Cependant, le commerce ne menace pas seulement le totoaba. Il a également un impact dévastateur sur le marsouin vaquita, car les filets maillants utilisés pour capturer le totoaba capturent et noient également ce petit marsouin, avec des estimations suggérant qu’il reste moins de 30 individus à l’état sauvage.
Le gouvernement mexicain a investi massivement dans l’élimination des filets maillants du nord de la mer de Cortez et la protection du vaquita, y compris des efforts pour capturer et loger les vaquitas dans des enclos marins afin de neutraliser la menace.
L’ONG C4ADS a souligné l’intersection du trafic de totoaba avec le crime organisé, en mettant l’accent sur le fait que le trafic de maws est autant un problème de sécurité que de conservation. En 2019, le media Quartz a rapporté que le marché du Totoaba est si lucratif que les autorités américaines pensent que des membres du cartel de Sinaloa y participe.
« La mafia chinoise, pour résumer, c’est le bras financier. Ce sont eux qui achètent, eux qui recrutent. En réalité, ce sont eux qui graissent l’arme avec laquelle on va te tirer dessus », confiait dans le film Planet Killers : le parrain des océans*, un ex-chef de la police mexicaine qui a réchappé miraculeusement à un assassinat, alors qu’il était sur la piste d’Oscar Parra, l’un des barons de ce « cartel de la mer », emprisonné depuis.
« Quand j’ai commencé à enquêter sur le totoaba (…) j’ai découvert une situation unique au monde, révèle Mark Davis, ancien agent du FBI. Certains parlent de monstre à deux têtes en évoquant le trafic de totoaba. Car c’est un mariage entre les cartels mexicains et le crime organisé chinois. »
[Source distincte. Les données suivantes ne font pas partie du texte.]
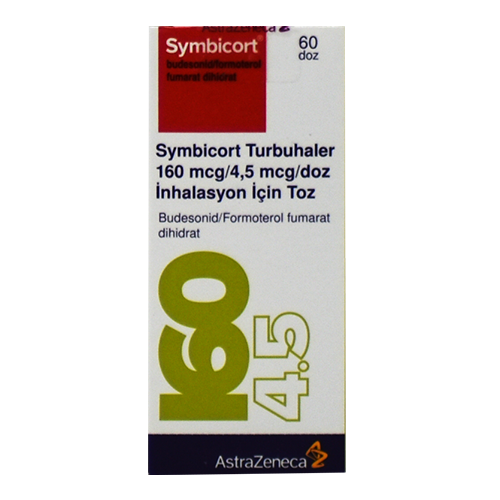 Symbicort Turbuhaler 160/4.5mcg turbuhaler 60 doses /TR/ #1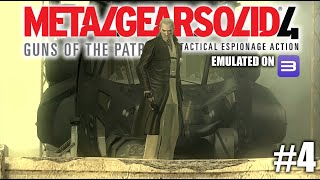 Metal Gear Solid 4 - Liquid Ocelot - PC Emulation [Act 1 - Part 4] (RPCS3) - [60fps] [RTX4080] #mgs4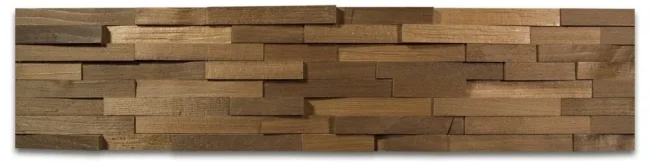 SPLITT MINI WOOD, DUB TERMO, 8 radov, štiepané dlaždice (790 x 180 mm)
Malgré les enjeux élevés, les sanctions pour le trafic de totoaba ont jusqu’à présent été moins sévères que pour les stupéfiants, ce qui pourrait conduire à une attitude indulgente de la part des fonctionnaires. On pousse pour un renforcement des mesures d’application de la loi et de réelles enquêtes suite à la découverte de totoaba ou de filets maillants connexes.
Les enquêtes montrent que le bénéfice tiré d’une prise illégale de totoaba peut rivaliser avec celui de la drogue, ce qui explique l’implication des narcotrafiquants dans ce commerce. Pour eux, les risques semblent moindres et les sanctions moins lourdes, ce qui fait du trafic de totoaba une activité attrayante. La législation peine à suivre, et même si la prise est bonne, les conséquences pour ceux qui se font attraper ne sont pas aussi dissuasives que pour le trafic de drogues. Cela crée un cercle vicieux où les risques sont minimisés et les pots-de-vin facilitent la circulation de ces « trésors marins ».
Pour ceux qui se battent pour la survie du totoaba et du vaquita, chaque victoire est une lueur d’espoir. Mais le chemin est encore long pour que l’application de la loi soit à la hauteur des enjeux et pour que les communautés locales trouvent des alternatives durables à cette pêche destructrice.
« La pêche illégale représente 23 milliards d’euros chaque année », révèle Luis Tortas, un officier de renseignement criminel d’Interpol, qui travaille sur les délits environnementaux.